→ WHAT IS NEEDED:
Print each line below verbatim, skipping every picture.

→ DATA EXTRACT:
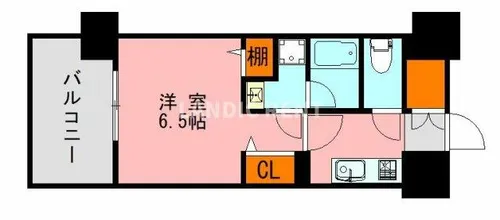 LANDIC O2227【11階】の間取り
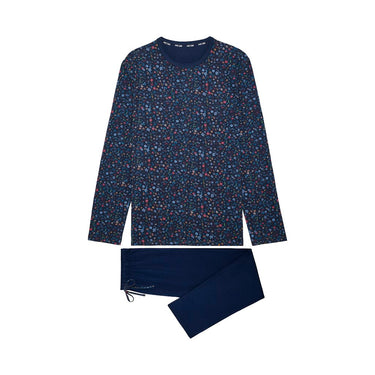 Broceliande Long Sleepwear | Navy Print 403060-I0RA
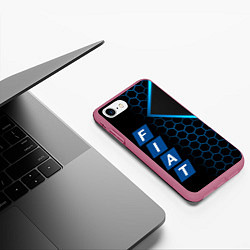 Чехол iPhone 7/8 матовый FIAT BLUE SPORT ФИАТ СПОРТ, цвет: 3D-малиновый — фото 2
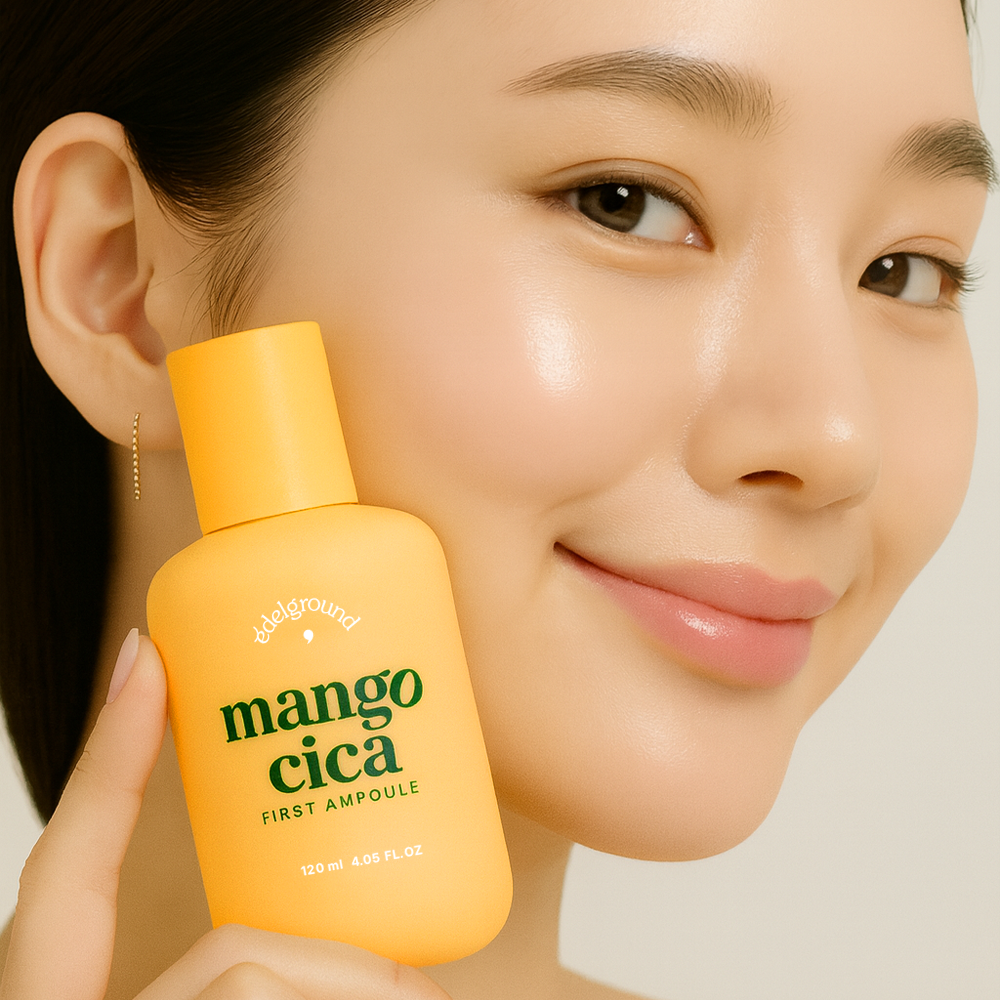 에델그라운드 망고시카 퍼스트 앰플 X PDRN 탄력 진정 미백 주름 120ml, 1개 - 상세 이미지 2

→ REPLY TO THE TASK:
 LANDIC O2227【11階】の間取り
 Broceliande Long Sleepwear | Navy Print 403060-I0RA
 Чехол iPhone 7/8 матовый FIAT BLUE SPORT ФИАТ СПОРТ, цвет: 3D-малиновый — фото 2
 에델그라운드 망고시카 퍼스트 앰플 X PDRN 탄력 진정 미백 주름 120ml, 1개 - 상세 이미지 2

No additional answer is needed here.